Online vs batch detection: Batch detection processes historical data in bulk—great for retrospective analysis. Online (streaming) detection processes each new observation as it arrives—essential for real-time monitoring. The trade-off is that online systems must be fast and memory-efficient, since they cannot reprocess the entire dataset each time. Our sliding window approach strikes a balance: we maintain enough context (1 hour) to compute meaningful features, but discard older data to keep memory bounded.

# Load weather data for seasonal context
weather = pd.read_csv(DATA_DIR + "weather/hourly_observations.csv",
                       parse_dates=["timestamp"])

# Load outage events for validation later
outages = pd.read_csv(DATA_DIR + "outages/outage_events.csv",
                       parse_dates=["fault_detected"])

print(f"Weather records:  {len(weather):,}")
print(f"Outage events:   {len(outages):,}")
print(f"AMI meters:      {ami['meter_id'].nunique():,}")
                    

Implement the Sliding Window Processor

The core of the streaming pipeline is a class that maintains a buffer of recent readings per meter, computes features when the window is full, and scores each window through the trained VAE.

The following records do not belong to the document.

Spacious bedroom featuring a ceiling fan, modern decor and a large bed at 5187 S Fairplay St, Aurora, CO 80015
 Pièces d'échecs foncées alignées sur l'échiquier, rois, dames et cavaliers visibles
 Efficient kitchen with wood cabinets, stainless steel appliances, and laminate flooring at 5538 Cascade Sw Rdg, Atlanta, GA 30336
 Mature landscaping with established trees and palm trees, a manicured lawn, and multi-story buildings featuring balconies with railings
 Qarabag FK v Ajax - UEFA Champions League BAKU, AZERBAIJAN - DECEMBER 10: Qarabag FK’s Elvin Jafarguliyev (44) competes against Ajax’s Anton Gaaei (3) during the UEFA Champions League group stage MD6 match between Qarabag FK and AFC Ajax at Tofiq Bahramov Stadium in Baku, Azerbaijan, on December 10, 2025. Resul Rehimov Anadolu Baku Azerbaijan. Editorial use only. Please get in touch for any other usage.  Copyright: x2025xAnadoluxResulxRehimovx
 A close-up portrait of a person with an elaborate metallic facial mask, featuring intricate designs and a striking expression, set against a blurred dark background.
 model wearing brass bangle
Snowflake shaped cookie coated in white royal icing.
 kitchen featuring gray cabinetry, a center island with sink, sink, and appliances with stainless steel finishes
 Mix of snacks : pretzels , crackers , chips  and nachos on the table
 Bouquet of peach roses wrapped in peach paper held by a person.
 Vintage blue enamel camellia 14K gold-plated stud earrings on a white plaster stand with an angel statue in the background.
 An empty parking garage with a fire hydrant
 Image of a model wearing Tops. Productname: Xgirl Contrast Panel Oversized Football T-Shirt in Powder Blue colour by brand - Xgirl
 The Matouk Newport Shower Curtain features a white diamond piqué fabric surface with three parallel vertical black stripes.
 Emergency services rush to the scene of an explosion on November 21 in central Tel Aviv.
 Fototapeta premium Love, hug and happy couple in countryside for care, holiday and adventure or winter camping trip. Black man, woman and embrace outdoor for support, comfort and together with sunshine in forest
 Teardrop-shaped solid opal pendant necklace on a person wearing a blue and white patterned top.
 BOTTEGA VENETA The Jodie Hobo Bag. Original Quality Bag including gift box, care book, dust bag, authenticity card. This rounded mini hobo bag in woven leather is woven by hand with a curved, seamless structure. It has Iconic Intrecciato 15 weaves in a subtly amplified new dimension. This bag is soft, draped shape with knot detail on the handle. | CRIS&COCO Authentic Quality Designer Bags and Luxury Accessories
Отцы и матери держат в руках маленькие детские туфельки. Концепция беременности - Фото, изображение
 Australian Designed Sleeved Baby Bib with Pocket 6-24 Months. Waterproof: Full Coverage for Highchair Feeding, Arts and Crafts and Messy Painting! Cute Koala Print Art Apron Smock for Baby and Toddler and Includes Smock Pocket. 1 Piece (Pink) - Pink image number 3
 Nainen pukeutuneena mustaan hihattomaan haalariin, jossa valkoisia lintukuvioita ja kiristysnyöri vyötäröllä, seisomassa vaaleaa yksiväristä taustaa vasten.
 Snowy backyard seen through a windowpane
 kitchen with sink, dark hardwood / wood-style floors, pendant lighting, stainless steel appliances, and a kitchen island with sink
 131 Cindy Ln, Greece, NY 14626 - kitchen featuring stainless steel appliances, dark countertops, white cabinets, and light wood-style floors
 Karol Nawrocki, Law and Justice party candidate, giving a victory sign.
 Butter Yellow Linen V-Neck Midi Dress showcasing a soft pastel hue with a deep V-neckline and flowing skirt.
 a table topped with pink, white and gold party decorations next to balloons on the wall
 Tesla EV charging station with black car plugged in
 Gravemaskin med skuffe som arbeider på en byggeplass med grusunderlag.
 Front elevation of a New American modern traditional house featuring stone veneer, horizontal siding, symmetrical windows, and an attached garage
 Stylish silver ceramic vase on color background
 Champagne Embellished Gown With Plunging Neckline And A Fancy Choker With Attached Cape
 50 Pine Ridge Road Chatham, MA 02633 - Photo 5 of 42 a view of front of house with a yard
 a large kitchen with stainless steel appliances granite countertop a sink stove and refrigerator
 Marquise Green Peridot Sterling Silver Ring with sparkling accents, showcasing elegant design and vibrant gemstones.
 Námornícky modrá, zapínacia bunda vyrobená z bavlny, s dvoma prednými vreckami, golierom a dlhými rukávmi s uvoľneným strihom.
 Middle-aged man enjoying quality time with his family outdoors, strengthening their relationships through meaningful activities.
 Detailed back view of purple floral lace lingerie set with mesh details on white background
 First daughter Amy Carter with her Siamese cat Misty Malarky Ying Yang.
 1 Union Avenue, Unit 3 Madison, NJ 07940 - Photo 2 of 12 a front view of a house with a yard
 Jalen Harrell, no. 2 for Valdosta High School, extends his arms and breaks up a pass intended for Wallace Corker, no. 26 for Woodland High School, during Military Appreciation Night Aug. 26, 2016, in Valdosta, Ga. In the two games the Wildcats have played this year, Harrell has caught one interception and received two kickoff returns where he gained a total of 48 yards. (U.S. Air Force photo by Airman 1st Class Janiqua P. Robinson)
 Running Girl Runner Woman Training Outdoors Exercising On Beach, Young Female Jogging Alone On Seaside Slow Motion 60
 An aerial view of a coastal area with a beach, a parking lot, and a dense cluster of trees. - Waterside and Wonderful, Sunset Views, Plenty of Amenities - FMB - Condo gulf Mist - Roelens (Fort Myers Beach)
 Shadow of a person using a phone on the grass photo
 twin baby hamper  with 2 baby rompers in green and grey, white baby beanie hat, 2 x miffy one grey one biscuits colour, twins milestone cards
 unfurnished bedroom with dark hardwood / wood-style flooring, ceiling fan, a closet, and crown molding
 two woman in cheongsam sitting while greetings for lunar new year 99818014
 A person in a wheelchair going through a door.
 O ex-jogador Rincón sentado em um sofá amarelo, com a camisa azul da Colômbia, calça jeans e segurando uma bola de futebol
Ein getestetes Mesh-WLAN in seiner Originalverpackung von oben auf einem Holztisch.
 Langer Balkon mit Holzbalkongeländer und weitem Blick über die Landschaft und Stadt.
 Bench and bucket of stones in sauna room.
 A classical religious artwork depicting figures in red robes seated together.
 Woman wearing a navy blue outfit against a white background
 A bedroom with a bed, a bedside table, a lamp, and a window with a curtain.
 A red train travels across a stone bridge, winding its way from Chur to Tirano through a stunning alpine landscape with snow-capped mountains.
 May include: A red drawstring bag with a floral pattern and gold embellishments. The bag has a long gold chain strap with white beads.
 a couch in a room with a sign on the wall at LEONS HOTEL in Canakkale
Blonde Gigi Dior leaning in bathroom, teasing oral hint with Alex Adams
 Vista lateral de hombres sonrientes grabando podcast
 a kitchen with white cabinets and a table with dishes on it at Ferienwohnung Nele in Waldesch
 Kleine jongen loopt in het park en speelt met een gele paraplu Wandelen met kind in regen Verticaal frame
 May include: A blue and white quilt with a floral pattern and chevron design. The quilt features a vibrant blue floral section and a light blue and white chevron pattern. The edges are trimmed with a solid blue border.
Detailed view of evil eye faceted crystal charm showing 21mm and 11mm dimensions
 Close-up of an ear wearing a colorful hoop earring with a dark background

from collections import defaultdict, deque

class StreamingAnomalyDetector:
    """
    Sliding window anomaly detector for AMI voltage data.
    Maintains a 1-hour buffer per meter and scores with a trained VAE.
    """
    def __init__(self, vae_model, scaler, feature_cols,
                 window_size=4, threshold=None):
        """
        Args:
            vae_model:    trained VoltageVAE instance
            scaler:       fitted StandardScaler
            feature_cols: list of feature column names
            window_size:  number of readings per window (4 = 1 hour at 15-min intervals)
            threshold:    fixed ELBO threshold (None = use adaptive)
        """
        self.vae = vae_model
        self.vae.eval()
        self.scaler = scaler
        self.feature_cols = feature_cols
        self.window_size = window_size
        self.fixed_threshold = threshold

        # Per-meter sliding window buffers
        self.buffers = defaultdict(
            lambda: deque(maxlen=window_size)
        )

        # Detection log
        self.detections = []
        self.all_scores = []

    def ingest(self, meter_id, timestamp, voltage, consumption_kwh):
        """Process a single AMI reading."""
        self.buffers[meter_id].append({
            "timestamp": timestamp,
            "voltage": voltage,
            "consumption_kwh": consumption_kwh,
        })

        # Only score when we have a full window
        if len(self.buffers[meter_id]) < self.window_size:
            return None

        # Extract features from the window
        features = self._extract_features(meter_id)
        score = self._score(features)

        self.all_scores.append({
            "meter_id": meter_id,
            "timestamp": timestamp,
            "elbo_score": score,
        })

        return score

    def _extract_features(self, meter_id):
        """Compute hourly statistics from the sliding window."""
        readings = list(self.buffers[meter_id])
        voltages = np.array([r["voltage"] for r in readings])
        consumption = sum(r["consumption_kwh"] for r in readings)

        return {
            "voltage_mean":     voltages.mean(),
            "voltage_std":      voltages.std(),
            "voltage_range":    voltages.max() - voltages.min(),
            "voltage_min":      voltages.min(),
            "voltage_max":      voltages.max(),
            "consumption_kwh":  consumption,
        }

    def _score(self, features):
        """Run features through the VAE and return ELBO score."""
        x = np.array([[features[c] for c in self.feature_cols]])
        x_scaled = self.scaler.transform(x)
        x_tensor = torch.FloatTensor(x_scaled)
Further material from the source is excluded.